Passados os anos dourados do Grêmio com seu belo futebol e conquistas, chega o momento em que a agremiação toma outro rumo em sua vida.

Gremio 23Sargento Ceres, na Sala de Troféus Rui Julio, sede da ADPM, antigo Grêmio

Com receio de no futuro o clube não ter mais condições de arcar com seus custos, os militares que constituíam seu corpo administrativo decidiram fundar em 06/01/1980, a ADPM (Associação Desportiva da Polícia Militar), liderada pelo agora Cel. Joaquim José Maurino Rodrigues, se livrando dos impostos pagos à Prefeitura Municipal.

Rodrigues, contando com o apoio dos colegas e diretores, fez uma brilhante gestão com duração de seis anos;  depois foi a vez de Edmilson assumir a função, também notável em sua administração Lá ficou por quase 20 anos. Colocada em votação, a diretoria pautou em acabar com o time de futebol amador numa época em que o esporte também entrava em um processo decadente.
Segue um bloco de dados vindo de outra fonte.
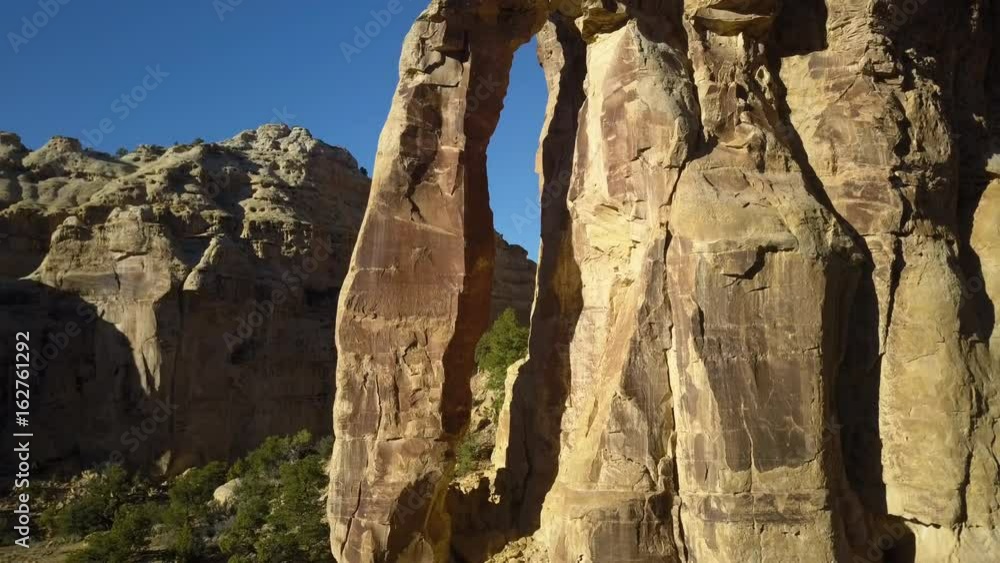 Aerial climb natural Eagle Canyon Arch Utah desert. Overhead drone view. San Rafael Reef is a geologic feature in central Utah. Eroded into tall fins, domes, cliffs, and deep canyons.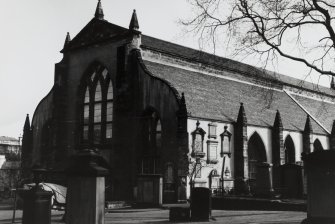 General view of harled West gable and South wall with part of churchyard in foreground.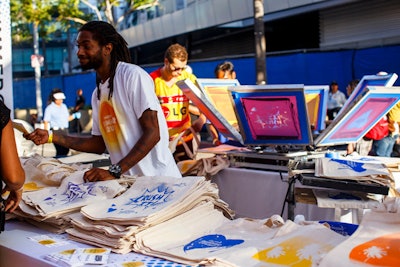 Contained under the shade sail structure was the Pandora swag redemption station, which featured a live-screen printing station providing custom tote bags to guests. Pandora provided game cards to each guest upon arrival. Guests could take the cards to each activation, and get a stamp on their cards after engaging with each sponsor. Once all of the activations were complete, they could redeem the card for a tote, exclusive to the event.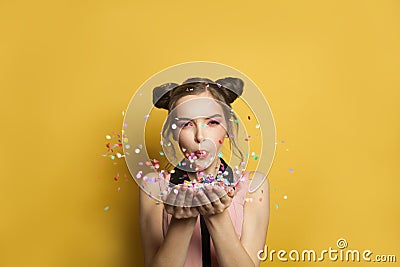 Cheerful fashion model woman and colorful falling confetti on yellow background Stock Photo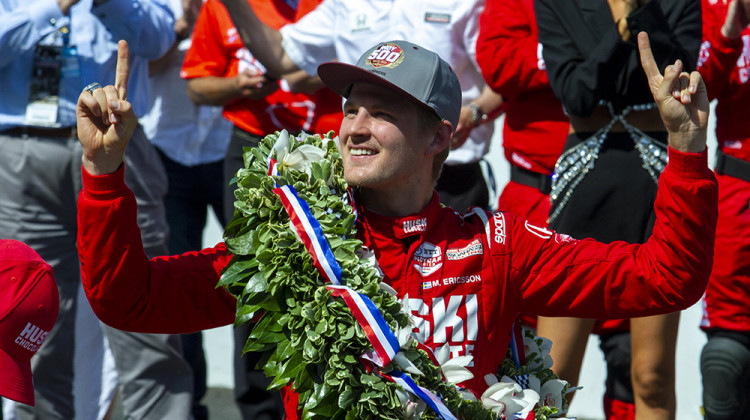 Marcus Ericsson celebrates his Indianapolis 500 win at the Yard of Bricks on SUnday, May 29, 2022. - Doug Jaggers/WFYI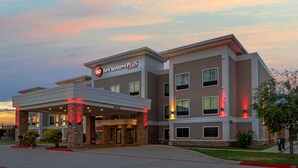 A hotel with a modern design, featuring a covered entrance, multiple floors, and a sign indicating it is part of the Best Western Plus chain. - Best Western Plus Bay City Inn & Suites (Bay City)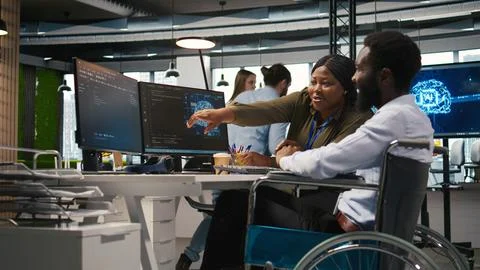 Smiling startup engineer and colleague with disability brainstorming, using AI Stock Photos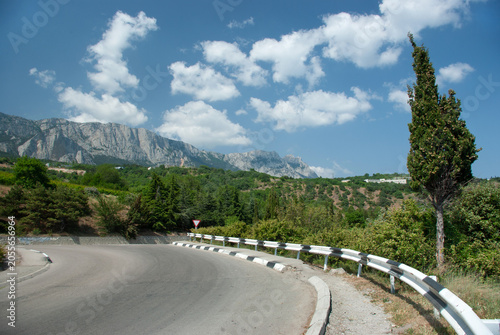 Winding mountain road with barrier and scenic view of rocky peaks and green valley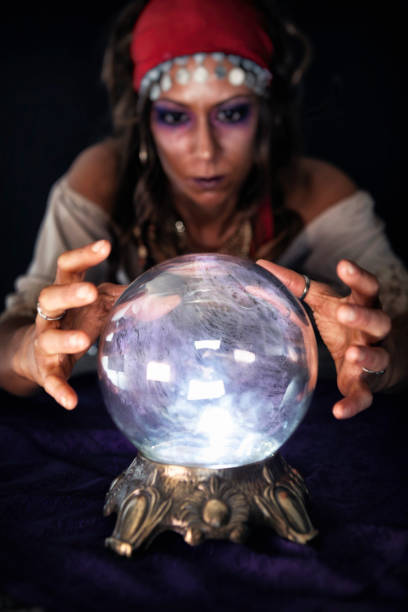 istock Gypsy looking into a Crystal Ball 874639462
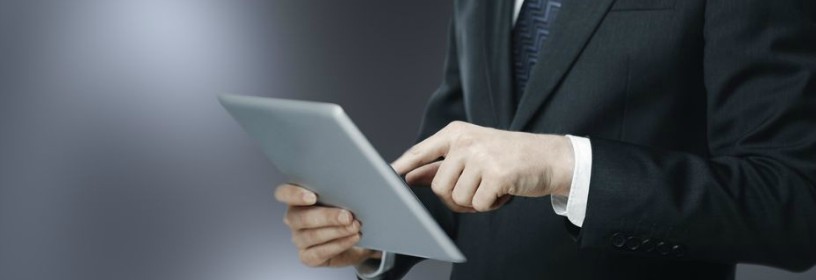 man in suit on tablet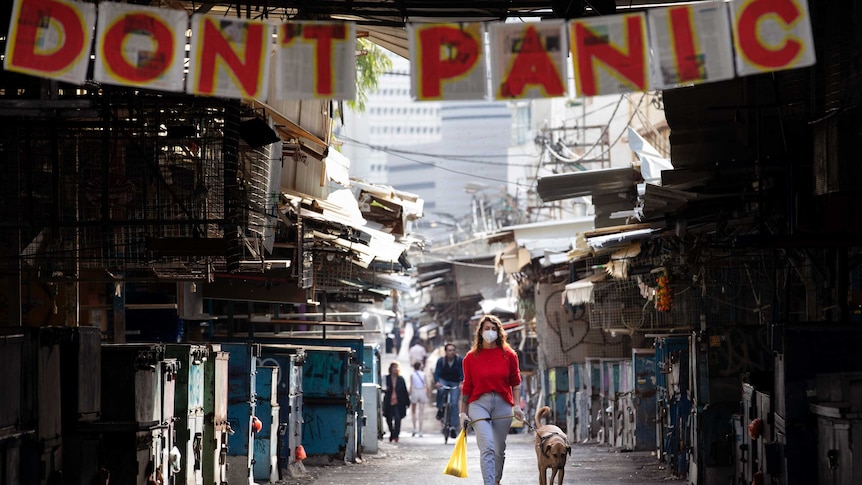 A woman in a face mask walks her dog through Tel Aviv under a sign reading "don't panic"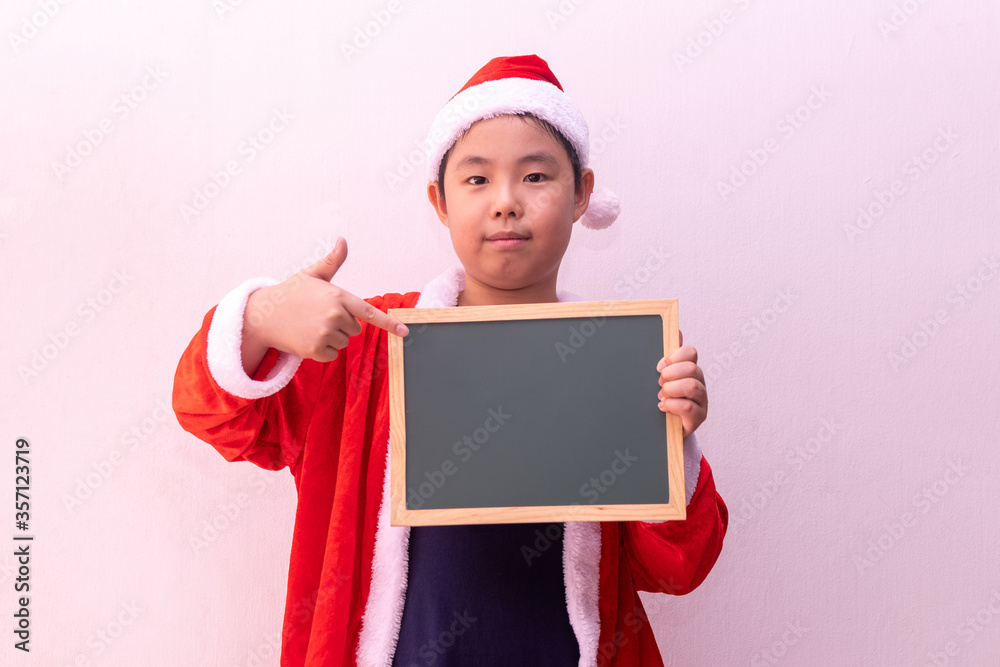 Asian boy in Santa Claus clothes holding empty board. Merry christmas Asian boy in Santa Claus clothes holding empty board. Merry christmas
Gremio 24Carlos Roberto Marques (Pezinho), quando presidente da Associação de Cabos eSoldados, ao lado do inseparável amigo Pita, um dos craques do Grêmio no passado

Hoje, a Associação é presidida pela Sargento Ceres Franco, que está no poder desde 2006, sempre interessada em conhecer e mostrar a gloriosa trajetória do antigo Grêmio. Em uma sala espaçosa, foi criada a “Sala de Troféus Rui Julio”, em homenagem ao maior atleta que a ADPM já teve.

“A associação escolheu um nome extraordinário para homenagear. Rui Julio sempre será lembrado com carinho pelas conquistas e pela pessoa que foi em Araraquara”, declara Ceres Franco.

Atualmente, a sede conta com ginásio de esportes, dois minicampos, sala de ginástica, sala de jogos, áreas de lazer, piscinas e sauna. “Infelizmente não temos a presença de tantos militares neste nosso espaço. Nos finais de semana, aposentados e várias famílias se reúnem para jogar bola e logo em seguida, um churrasco para se confraternizarem. Há presença de alguns civis que pagam a mensalidade da associação também”, conta Ceres.

Gremio 18Cel. Gouveia, Dr. Lofredo Júnior (Promotor Público), Itamar, Camargo, Lourival, Adauto, Rozan (preparador de goleiros), Beiço e Ceribelli; Nene Pereira, Fulgêncio, Adilson, Nego e Pita

Na verdade, o futebol sempre será reverenciado pelos craques e mitos que fizeram a alegria e a imaginação do araraquarense. Que isso se perpetue e a saudade fique em nós, recordando aquilo que vimos e que o imaginário possa nos arremeter àquele tempo bom, que, infelizmente, não voltará nunca mais.